::: Data listing

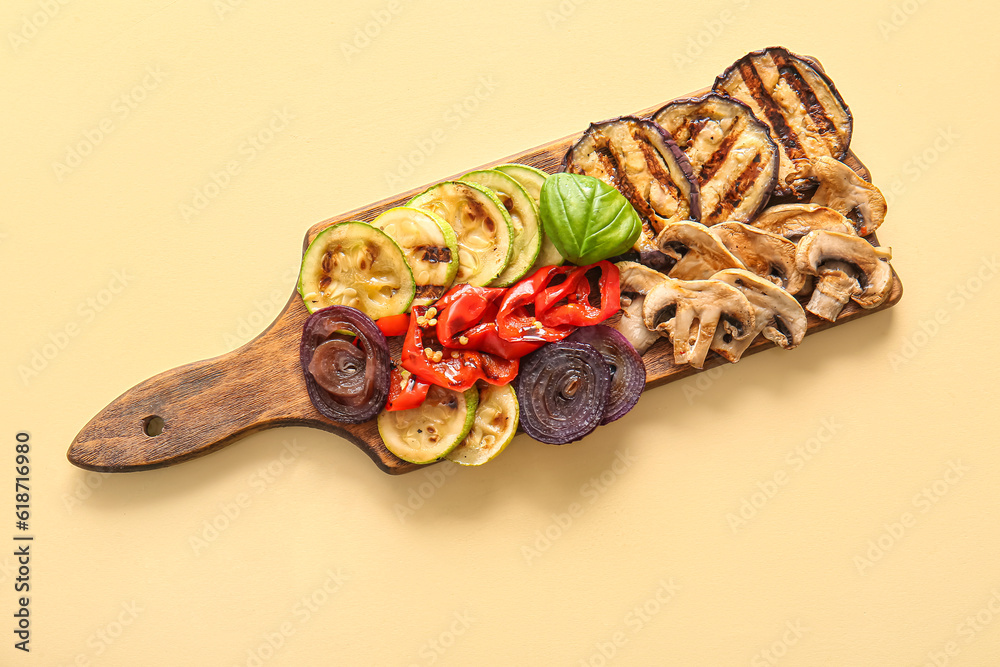 Wooden board with tasty grilled vegetables on yellow background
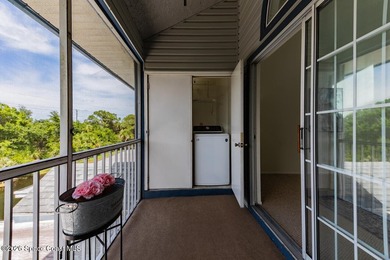 This two-story condo has high vaulted ceilings, skylights, and a - photo 43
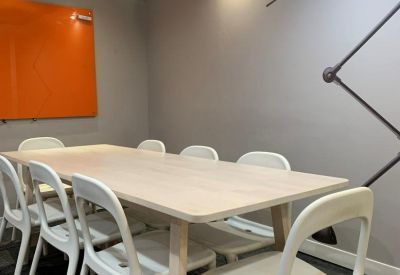 Bright meeting room with a light wood table, white chairs, and a sky-print ceiling.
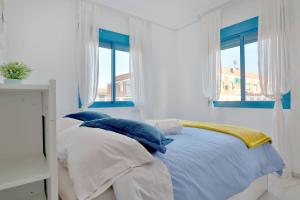 科尔多瓦CONFORT CORDOBA CENTRO II的白色卧室配有蓝色和白色枕头的床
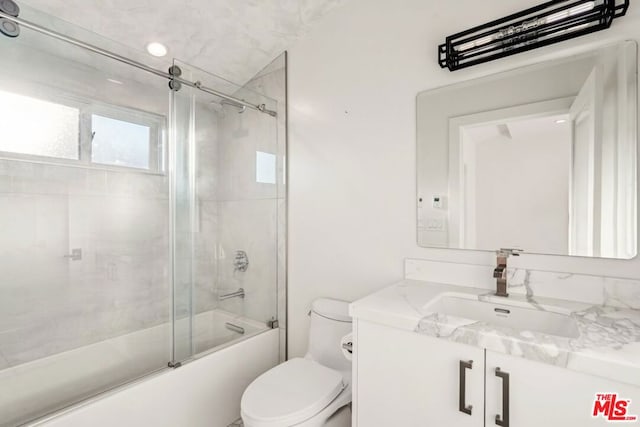 full bathroom featuring vanity, shower / bath combination with glass door, and toilet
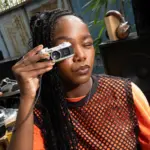 Γυναίκα κρατά τη μικροσκοπική Fujifilm instax Pal 2 μπροστά στο πρόσωπό της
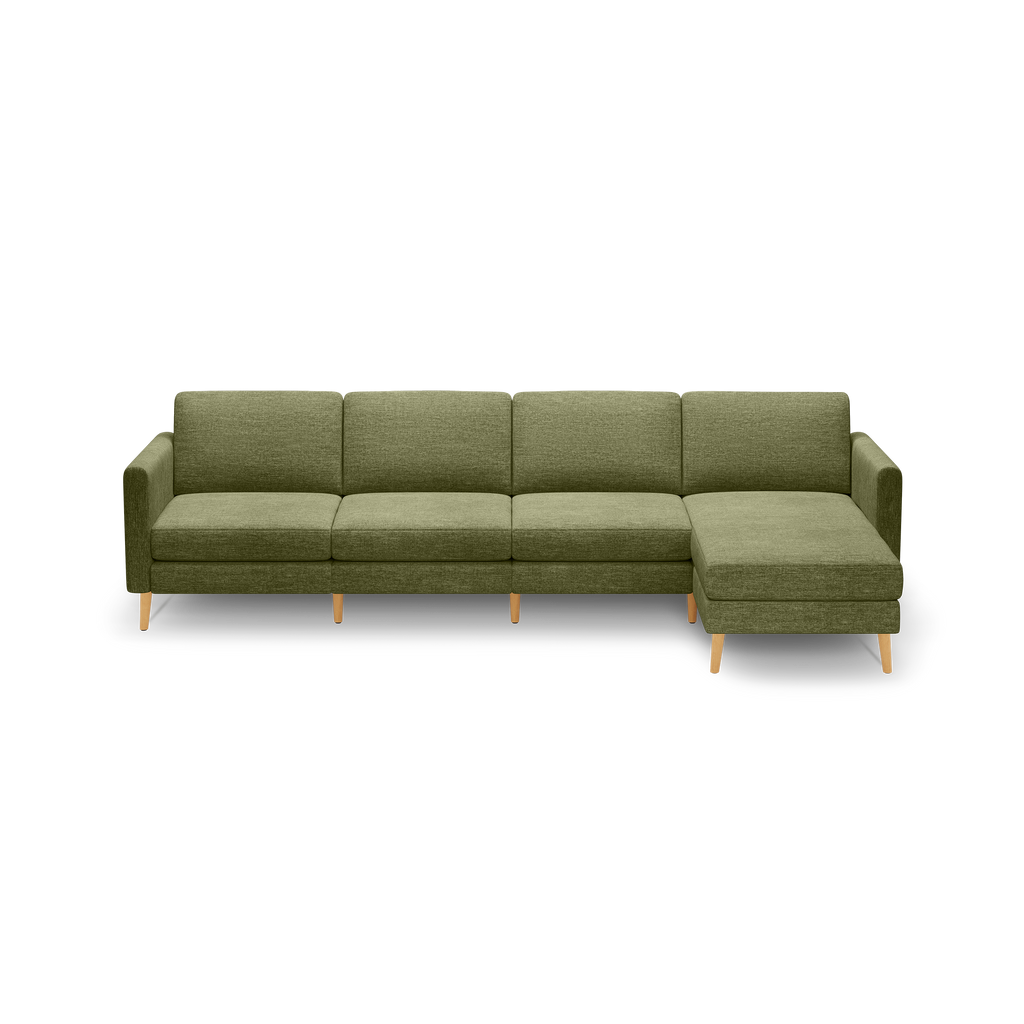 Green fabric sectional sofa with clean lines, wooden tapered legs, includes a chaise lounge on the right side.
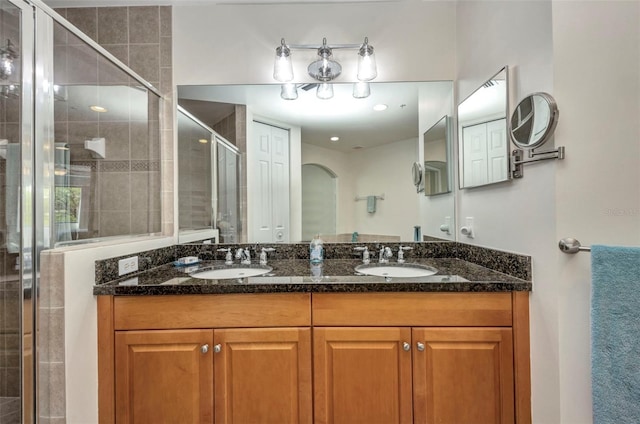 90 Vivante Blvd Unit 202, Punta Gorda, FL 33950 - bathroom featuring double vanity and a stall shower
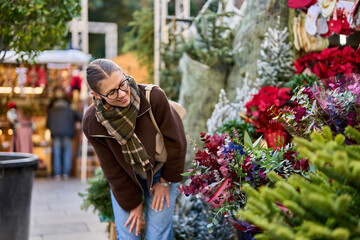 Cheerful young woman looking for New Year decorations in traditional street market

::::::

Return all records above verbatim without their pictures.

 Wooden board with tasty grilled vegetables on yellow background
 This two-story condo has high vaulted ceilings, skylights, and a - photo 43
 Bright meeting room with a light wood table, white chairs, and a sky-print ceiling.
 科尔多瓦CONFORT CORDOBA CENTRO II的白色卧室配有蓝色和白色枕头的床
 full bathroom featuring vanity, shower / bath combination with glass door, and toilet
 Γυναίκα κρατά τη μικροσκοπική Fujifilm instax Pal 2 μπροστά στο πρόσωπό της
 Green fabric sectional sofa with clean lines, wooden tapered legs, includes a chaise lounge on the right side.
 90 Vivante Blvd Unit 202, Punta Gorda, FL 33950 - bathroom featuring double vanity and a stall shower
 Cheerful young woman looking for New Year decorations in traditional street market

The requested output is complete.